Open cscheid opened 11 months ago

cscheid commented 11 months ago

See report on https://github.com/journalovi/2023-park-gatherplots/issues/10

cscheid commented 5 months ago

@domoritz pinging you here. Just to make sure I understand the issue:

Is the problem you're describing that when you're navigating the document with the keyboard, the tooltip fires off inadvertently?

If that's the case, I'm trying to figure out how to determine from our side that the navigation is happening in a voice-over context, or if there's a global setting that signals to us that a screen reader is enabled.

@jooyoungseo Do you know more about this?

domoritz commented 5 months ago

Yeah, when I navigate a document with a screen reader on (so not just keyboard navigation) the tooltips open and then I navigate into the tooltip. I'm happy to show you on a video call.

There shouldn't be a setting to recognize whether a screen reader is used because it's bad practice to give screen reader users a different page (it's a web design principle).

frankelavsky commented 5 months ago

I have a few opinions about tooltips just from some experience, so take this with a grain of salt too (as it's only a semi-informed set of opinions):

One issue with tooltips is that in latest standards they must be handled with a bit of rigor. This thread is largely concerned with SR access, but tooltips are notoriously difficult for other folks as well (think motor/dexterity disabilities and target size, for example). Also, for creating a dismissable tooltip, escape key is considered a common convention.

There are other opinions I could bring up for more nuanced cases, but generally I look at those 3 options. Know that there are longstanding experts in the accessibility world who have made some serious cases against many of the most common tooltip designs. It's worth at least reading up on those as well to get a sense of your design justification here.

cscheid commented 5 months ago

Thanks for the input, and it all makes sense.

Unfortunately, we need to navigate this somewhat carefully on our end because we have a long-standing policy of not regressing or removing existing behavior. I want to ensure we do the right thing wrt a11y, but we need to think carefully about how to go about it.

frankelavsky commented 5 months ago

Oh, absolutely understand that. I figured that if I was going to chime in, I'd just let you know the whole suite of it.

I am not sure what tooltips do presently for you and what would be considered breaking/regression, but I'd at least consider making tooltips optionally skippable in some way but easy to access when needed.

cscheid commented 5 months ago

I'd at least consider making tooltips optionally skippable

That's already possible to do by adding the following to your yaml front matter:

citations-hover: false
footnotes-hover: false
crossrefs-hover: false
frankelavsky commented 5 months ago

So in the case when tooltips are present, screen reader users are able to skip them?

cscheid commented 5 months ago

So in the case when tooltips are present, screen reader users are able to skip them?

No: those options disable the rendering of the tooltips entirely.
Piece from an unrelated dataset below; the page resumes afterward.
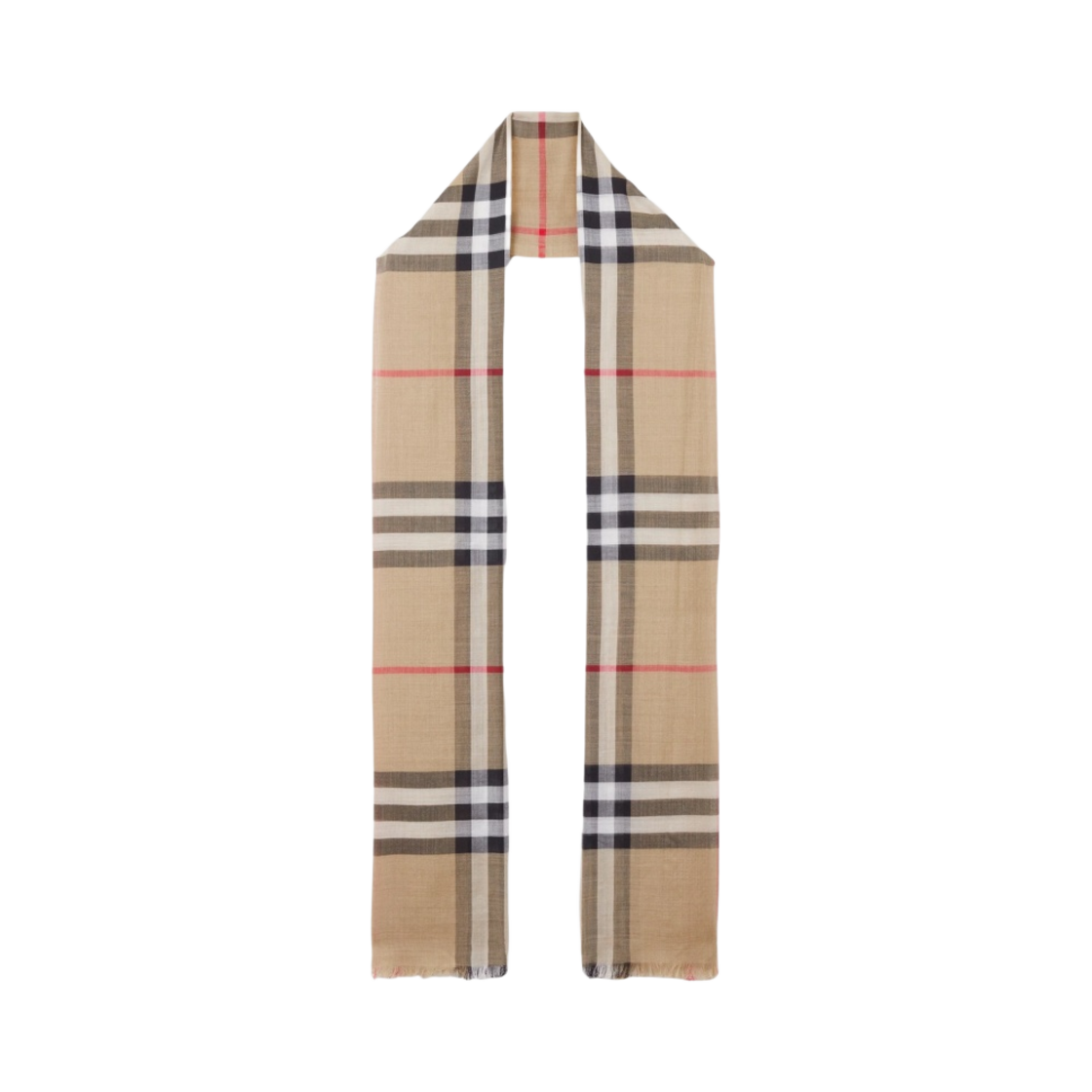 (W) 버버리 체크 라이트웨이트 울 실크 머플러 아카이브 베이지((W) Burberry Check Lightweight Wool Silk Muffler Archive Beige) - 1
Your question of how to skip them is the question I posed at this comment just above, to which Dom and you responded. So now I'm a bit confused at what your point is.
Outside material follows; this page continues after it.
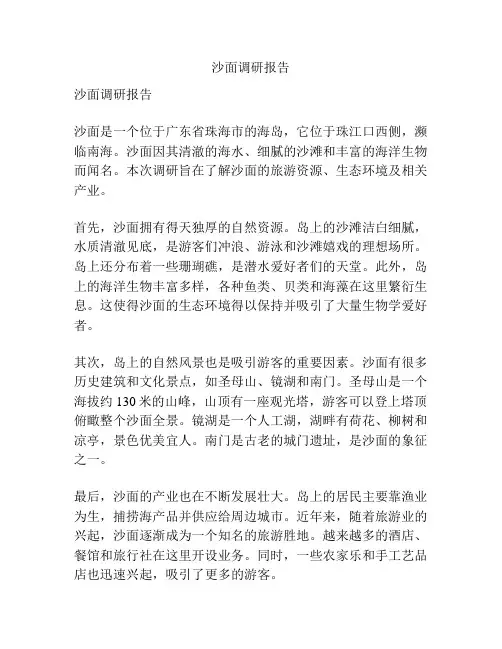 沙面调研报告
frankelavsky commented 5 months ago

Sure, I was just reiterating that even if you don't want to regress, I would consider adding an option to make tooltips optionally skippable even when they are rendered. As in, don't hide them from screen readers entirely, but allow SRs to access them outside of their primary navigation path. Apologies that I've just complicated things.

domoritz commented 5 months ago

That sounds like the best solution to me. Make it so that tooltips are not in the primary navigation path for screen reader users but so that they can navigate to them.

cscheid commented 5 months ago

Make it so that tooltips are not in the primary navigation path for screen reader users but so that they can navigate to them.

What does that mean concretely in terms of the DOM structure?